Our People: Viv Maidaborn – Loomio Dreamer and Vision Maker
Viv is a driving force behind Loomio — and one of the most well connected members of our group. It's become a joke in the team that if we need to find more users, we should just send Viv for a walk down the street — she's sure to bump into at least five people she knows. But finding users is only small part of the amazing-ness that is Viv, she helps us map our course through social impact, casts magic spells before parties, and helps us keep diversity top of mind. Here is Viv, in her own words:
Name: Vivien Maidaborn
Title: Loomio Dreamer and Vision Maker (aka business strategy)
Why and how did you get involved with Loomio?
After a 30 year career in the not-for-profit sector, I realised that charity models weren’t delivering scalable change anywhere in the world. In fact, most of the baseline measures (economic + social inequality, environmental degradation, etc.) I had thought would improve in my working life were actually getting worse.
So, it felt to me like real social change would have to combine the skills, tools and the leverage of business, with the values, emotional intelligence and compassion that can be found in community and citizenship movements. This for me is what I mean by ‘social enterprise'.
In 2011 I resigned from my charitable CEO job and went looking for the right opportunity in this social enterprise space. I was introduced to Loomio and the rest is history!
What do you do day-to-day?
I guess my role splits in about three different ways:
- My first and most primary focus is business development and strategy. A business network needs to connect with real people with shared values, so I am working to understand people’s needs and set up Loomio so it works for them.
- Secondly, I do lots of thinking about horizontal organisations and how to support people to thrive in a no-boss environment, while at the same time managing accountability and performance. I also am challenged and excited thinking about the role of a Board in a workers’ cooperative.

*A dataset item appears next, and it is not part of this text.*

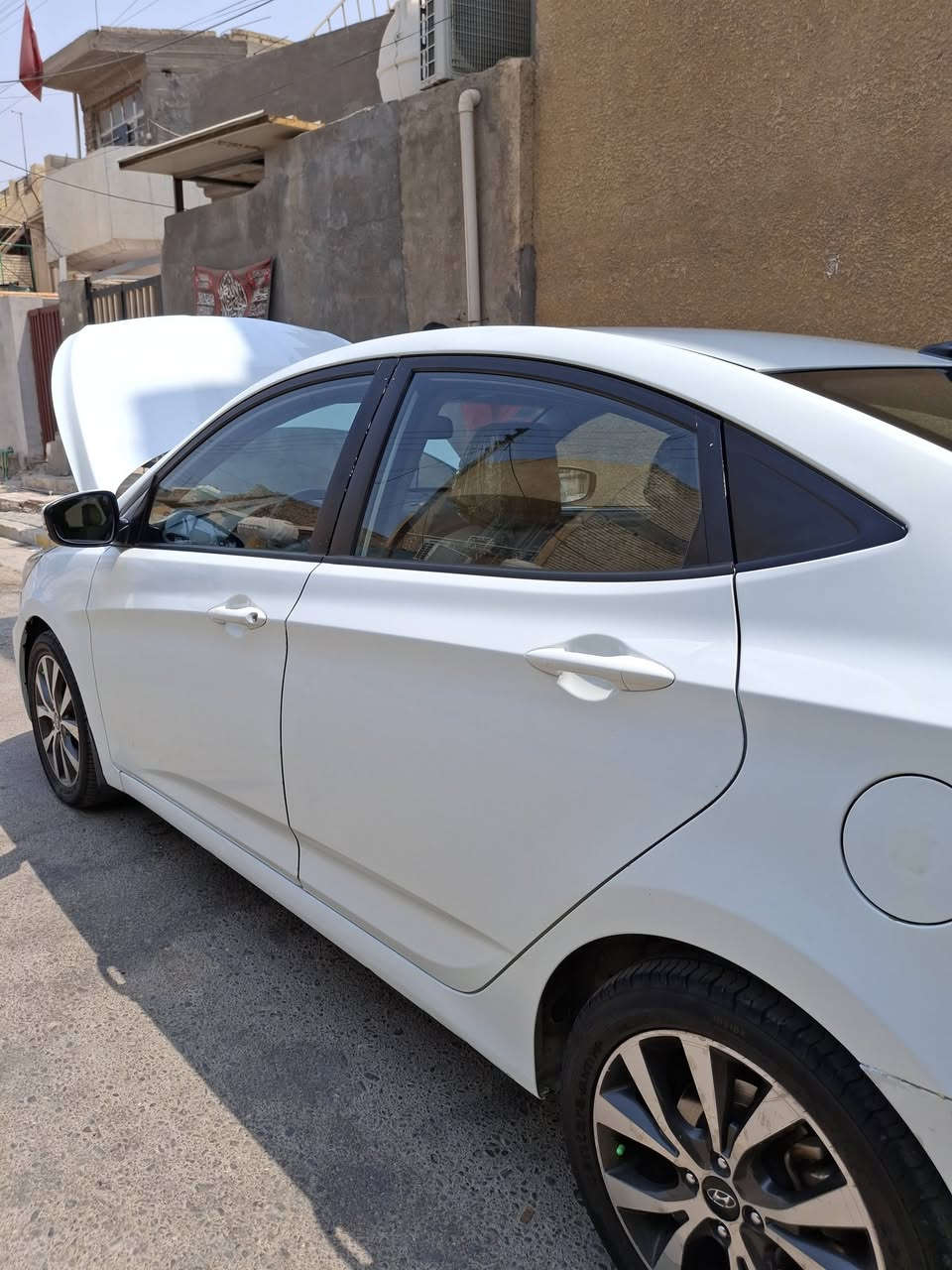 اكسنت موديل ١٦ رقم بغداد باسمي موصفات بلو سعر ١٠٤ وبيها مجال رقم الهاتف ***********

- My third role is making sure that the governance structures we set up are recognisable by the outside world, and at the same time serving us well as a social enterprise cooperative.
[Aside: She also helps us cast magic spells – like this one, for our Launch Party]
What inspires you about working as part of the Loomio community?
Well, in the end, I just get incredibly excited by the diversity of people using Loomio, and the importance of their work in us achieving our vision of creating a world where everyone can have a say in the decisions that affect them. In a day-to-day way, I am interested in a particular customer’s needs, but in a big, epic way I am interested in how it all adds up to changing the way democracy works in our world.
Loomio says its interested in social impact. What does that mean to you?
At a very simple level it means that we are motivated by the difference we make in the world, not by the profit we make. The tricky thing is, how do we measure this?
What has emerged so far is that we know Loomio has impact at different levels:
- the number and diversity of people participating on Loomio,
- the number of decisions being made etc.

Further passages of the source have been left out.